Any pictures in the records below must be left out when you repeat the lines from the line containing "商学院能源管理课程表（能源管理专业大学排名）" through the line containing "Water-dropwort, parsley, Oenanthe lachenalii" exactly.

» **Provided records**

::::

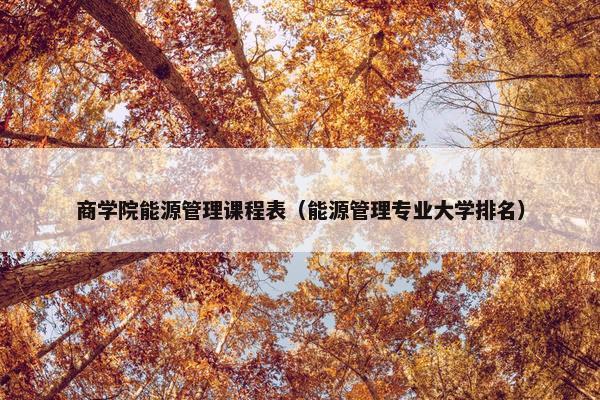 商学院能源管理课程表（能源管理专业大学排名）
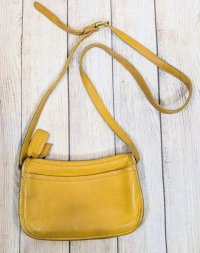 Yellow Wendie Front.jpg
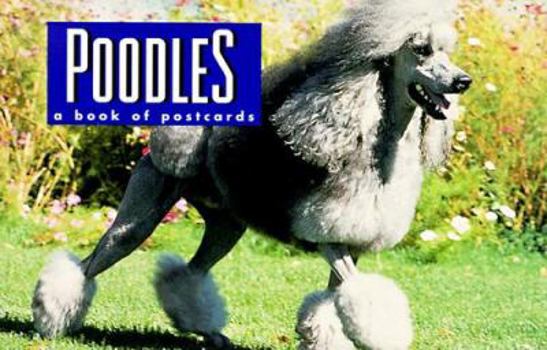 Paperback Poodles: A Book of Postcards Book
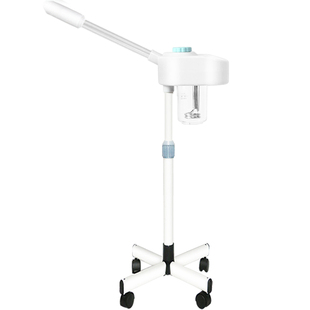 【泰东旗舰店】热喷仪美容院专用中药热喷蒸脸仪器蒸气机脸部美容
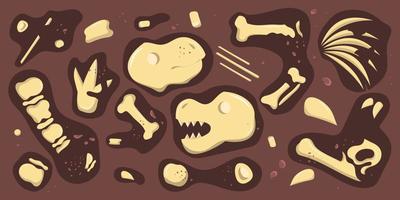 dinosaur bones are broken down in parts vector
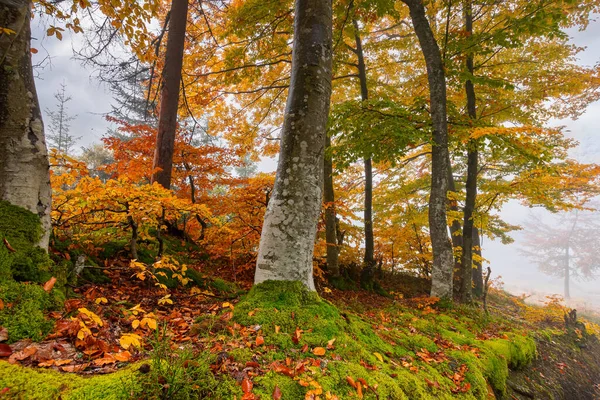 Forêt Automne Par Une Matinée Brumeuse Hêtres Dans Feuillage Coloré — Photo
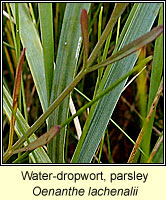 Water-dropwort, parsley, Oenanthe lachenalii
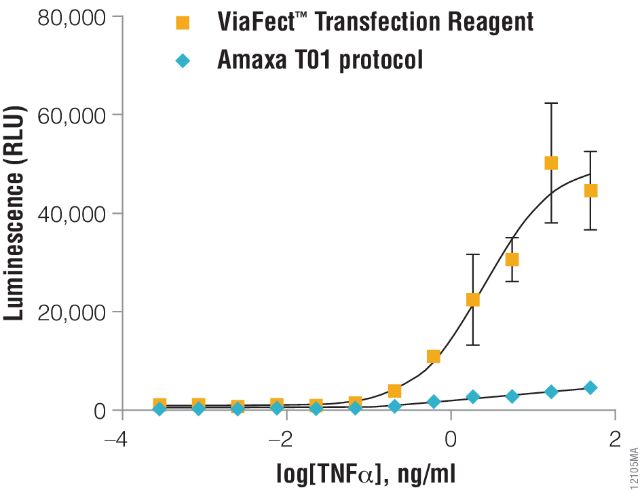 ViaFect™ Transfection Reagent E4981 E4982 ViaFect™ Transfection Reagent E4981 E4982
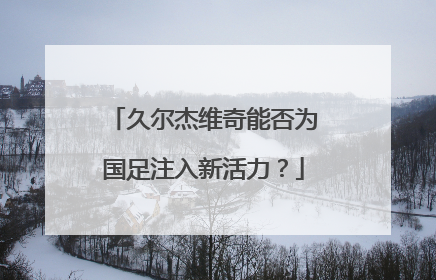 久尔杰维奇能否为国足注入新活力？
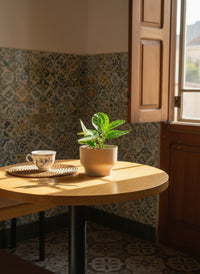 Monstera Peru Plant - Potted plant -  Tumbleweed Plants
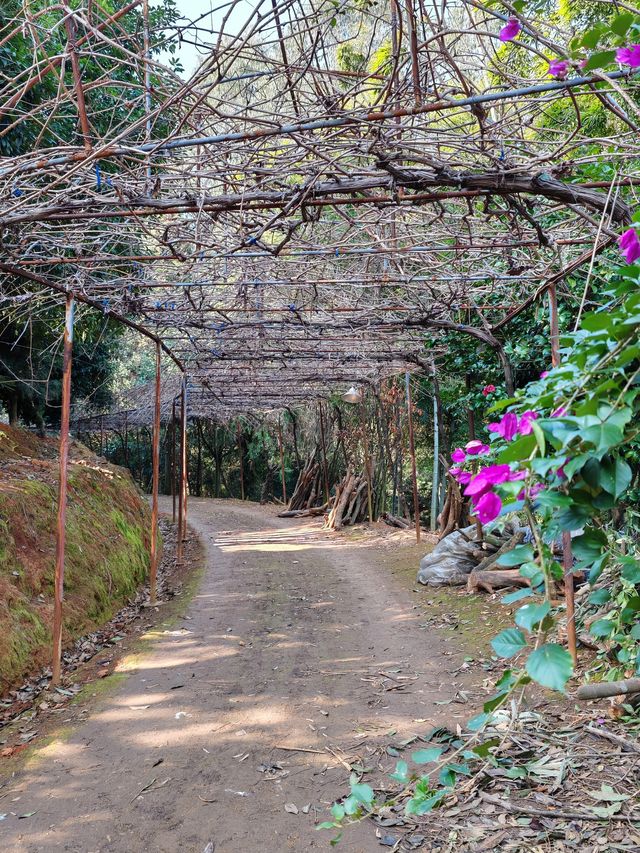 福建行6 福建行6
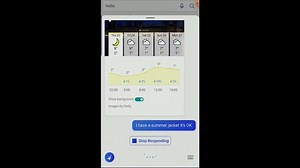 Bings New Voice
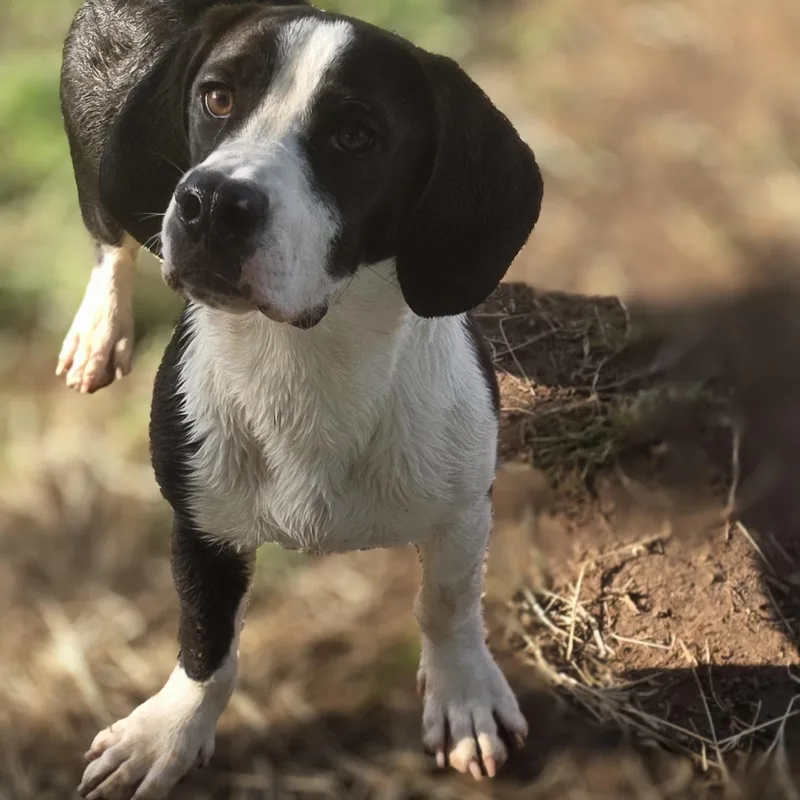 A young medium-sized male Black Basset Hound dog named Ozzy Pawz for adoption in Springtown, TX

::::

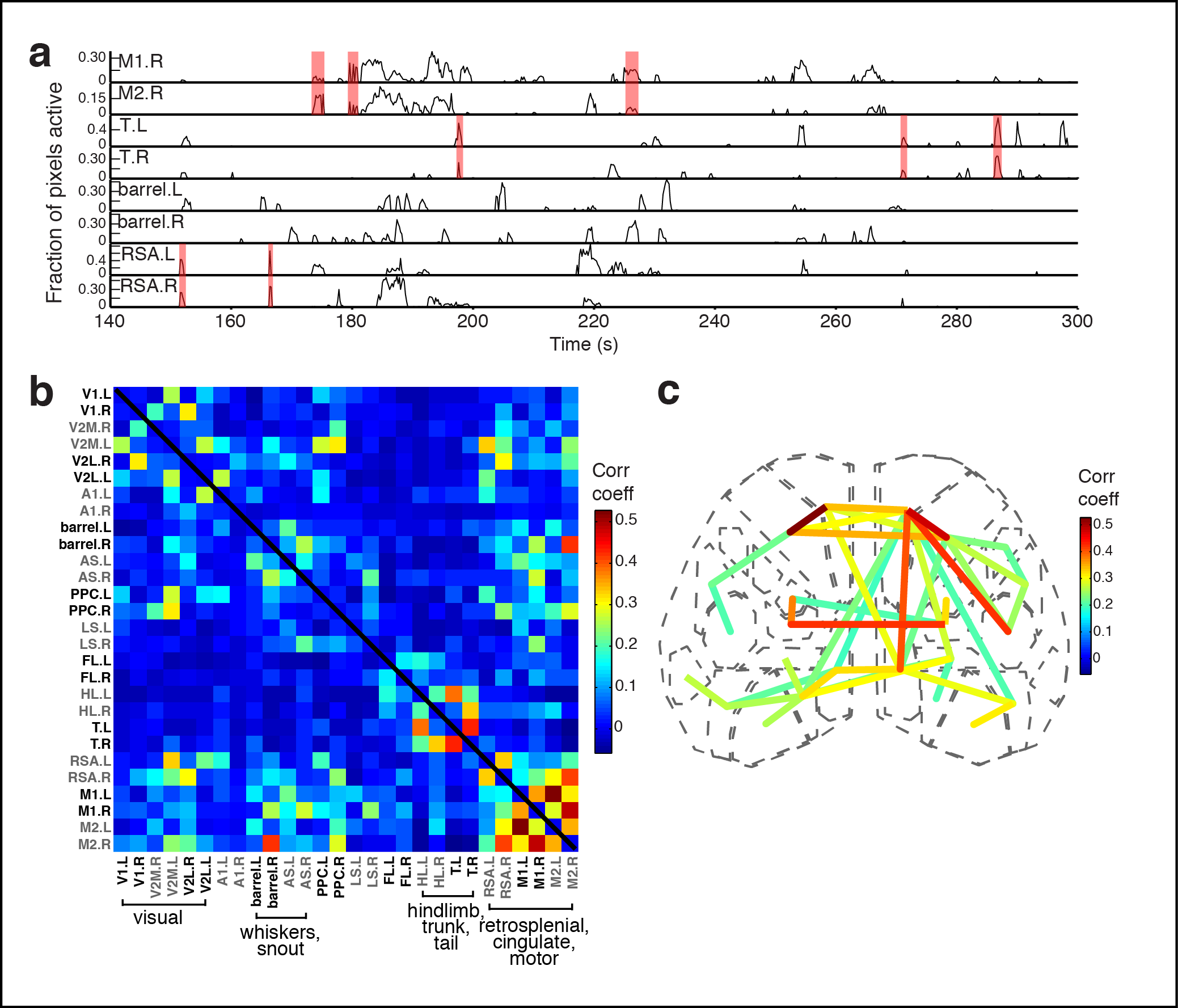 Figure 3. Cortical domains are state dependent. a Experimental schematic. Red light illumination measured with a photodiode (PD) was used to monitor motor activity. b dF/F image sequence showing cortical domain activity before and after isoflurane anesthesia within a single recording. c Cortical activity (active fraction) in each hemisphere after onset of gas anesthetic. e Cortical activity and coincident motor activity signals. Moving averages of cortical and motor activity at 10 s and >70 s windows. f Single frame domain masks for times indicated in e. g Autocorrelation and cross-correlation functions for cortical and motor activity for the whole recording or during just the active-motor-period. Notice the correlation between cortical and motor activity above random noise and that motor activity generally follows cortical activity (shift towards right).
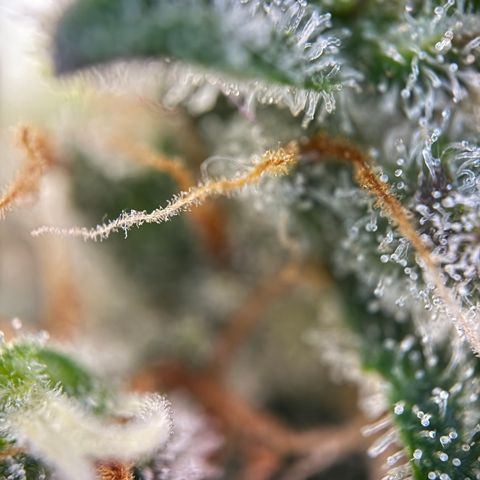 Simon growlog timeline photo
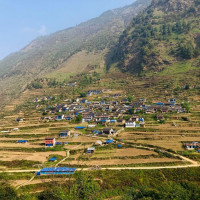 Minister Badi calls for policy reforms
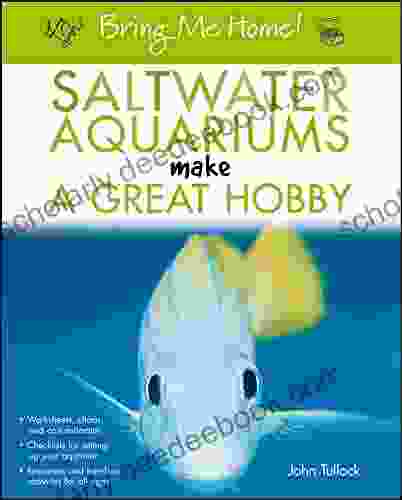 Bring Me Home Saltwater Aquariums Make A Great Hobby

::::

» **Solution to the exercise**
 商学院能源管理课程表（能源管理专业大学排名）
 Yellow Wendie Front.jpg
 Paperback Poodles: A Book of Postcards Book
 【泰东旗舰店】热喷仪美容院专用中药热喷蒸脸仪器蒸气机脸部美容
 dinosaur bones are broken down in parts vector
 Forêt Automne Par Une Matinée Brumeuse Hêtres Dans Feuillage Coloré — Photo
 Water-dropwort, parsley, Oenanthe lachenalii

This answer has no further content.